On 14 December 2014, he ran for the 47th General Election for members of the House of Representatives from Kanagawa 7th District with the Democratic Party of Japan (DPJ) official recognition, and was defeated second to The Liberal Democratic Party's Mr. Keisuke Suzuki. In 2016, he was appointed president of the 7th District General Branch of Kanagawa Prefecture by the DP. On 28 September 2017, the DP decided joining the Party of Hope, was effectively "dissolved". Before dawn on 1 October of the same year, Nakatani decided not to join the Party of Hope. The next day, after receiving news of the formation of the Constitutional Democratic Party, he announced his participation in the party. "Nothing is born from the logic of the exclusion of Yuriko Koike," he answered toward media outlets. On 6 October, The Federation Kanagawa decided to recommend Nakatani. The Party of Hope recommended 35-year-old female newcomer from local area, and the Japan Restoration Party also recommended the candidate. Members of Yokohama City Assembly and Kanagawa Prefectural Assembly, who are elected from Kohoku and Tuzuki District, all supported for the candidate of the Party of Hope.

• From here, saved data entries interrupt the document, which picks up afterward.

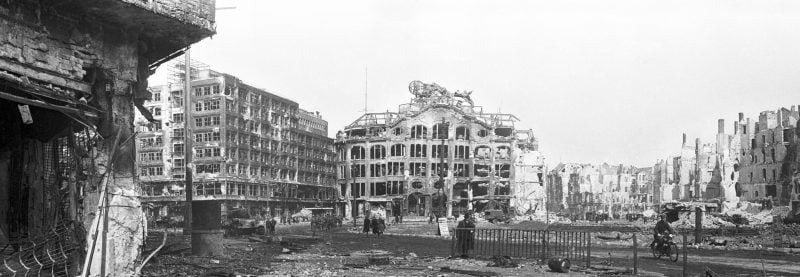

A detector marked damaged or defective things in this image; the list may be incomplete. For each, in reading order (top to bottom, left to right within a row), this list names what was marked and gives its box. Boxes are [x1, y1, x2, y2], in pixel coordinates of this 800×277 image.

damaged ornate building [0, 1, 216, 274]
damaged ornate building [138, 61, 338, 222]
damaged ornate building [334, 80, 548, 218] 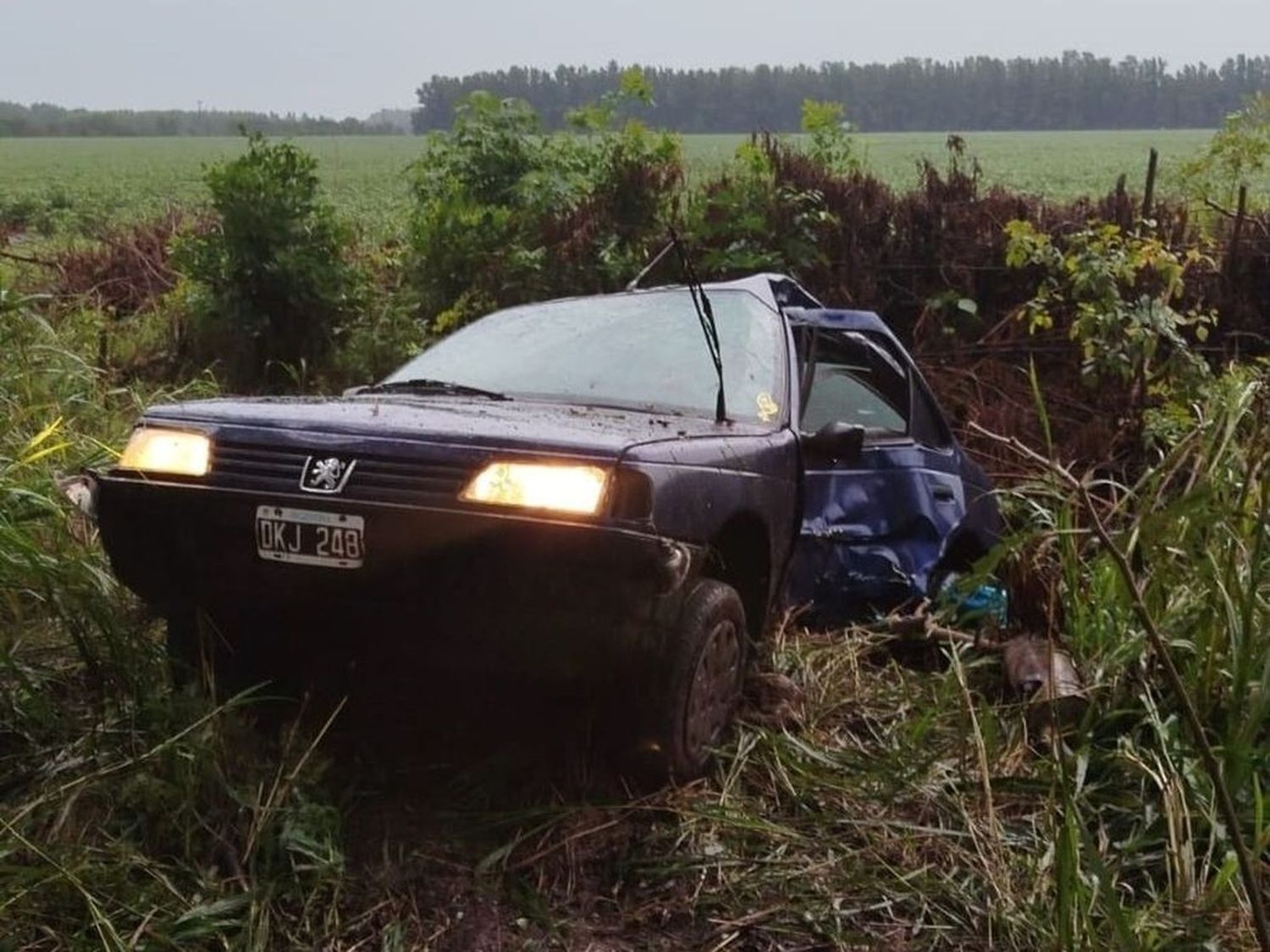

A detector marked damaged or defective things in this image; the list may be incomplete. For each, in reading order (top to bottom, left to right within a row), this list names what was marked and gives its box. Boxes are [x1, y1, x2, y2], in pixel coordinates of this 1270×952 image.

damaged car [89, 272, 1001, 777] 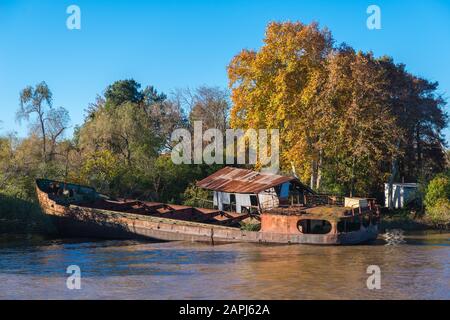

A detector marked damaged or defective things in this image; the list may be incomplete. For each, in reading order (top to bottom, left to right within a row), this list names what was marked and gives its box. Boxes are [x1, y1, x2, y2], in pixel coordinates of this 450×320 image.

rusty boat hull [37, 179, 378, 244]
rusty sunken boat [36, 168, 380, 245]
rusty metal roof [195, 166, 304, 194] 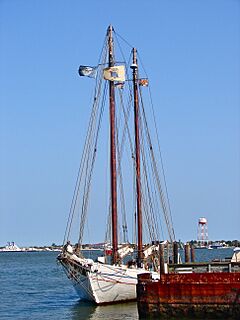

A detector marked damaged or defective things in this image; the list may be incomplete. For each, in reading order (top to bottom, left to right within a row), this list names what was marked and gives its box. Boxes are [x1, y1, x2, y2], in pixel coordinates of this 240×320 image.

rusty barge [137, 245, 240, 318]
rusted red hull [137, 272, 240, 320] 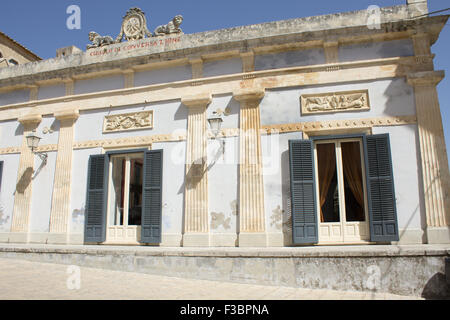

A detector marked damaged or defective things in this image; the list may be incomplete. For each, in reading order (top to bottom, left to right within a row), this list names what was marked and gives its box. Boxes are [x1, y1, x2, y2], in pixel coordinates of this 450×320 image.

peeling plaster wall [0, 89, 28, 106]
peeling plaster wall [37, 84, 65, 100]
peeling plaster wall [74, 74, 124, 95]
peeling plaster wall [133, 64, 191, 87]
peeling plaster wall [202, 57, 241, 78]
peeling plaster wall [255, 47, 326, 71]
peeling plaster wall [258, 77, 416, 126]
peeling plaster wall [338, 38, 414, 62]
peeling plaster wall [0, 120, 22, 149]
peeling plaster wall [74, 101, 187, 142]
peeling plaster wall [0, 154, 19, 231]
peeling plaster wall [29, 151, 55, 231]
peeling plaster wall [153, 141, 185, 236]
peeling plaster wall [262, 131, 300, 246]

He ran for the 48th General Election of members of the House of Representatives on 22 October with the constitutional democratic party official recognition from Kanagawa 7th district. While he was defeated second to The Liberal Democratic Party's Mr. Keisuke Suzuki, after all he was elected for the first time due to a proportional revival.

In May 2018, he was appointed secretary general of the Constitutional Democratic Party of Japan's Parliamentary Group of Science, Technology and Innovation. In October 2018, he was invited to the Global Blockchain Policy Conference 2018 as a leading participant in blockchain policy, along with President of Estonia, Kersti Kaljulaid, on behalf of Japanese diet members. He was also appointed director of the Youth Bureau of the Constitutional Democratic Party of Japan. In October 2020, he was appointed director general of the Project Team for Digital Policy of the Constitutional Democratic Party.

In December 2020, he won the grand prize for his book ”Politician New Generation”, at the "Gakudo Book of the Year 2020", in which a political book selected by the Ozaki Yukio Memorial Foundation

He was a secretary for Naoto Kan, the 94th Prime Minister, for about three years.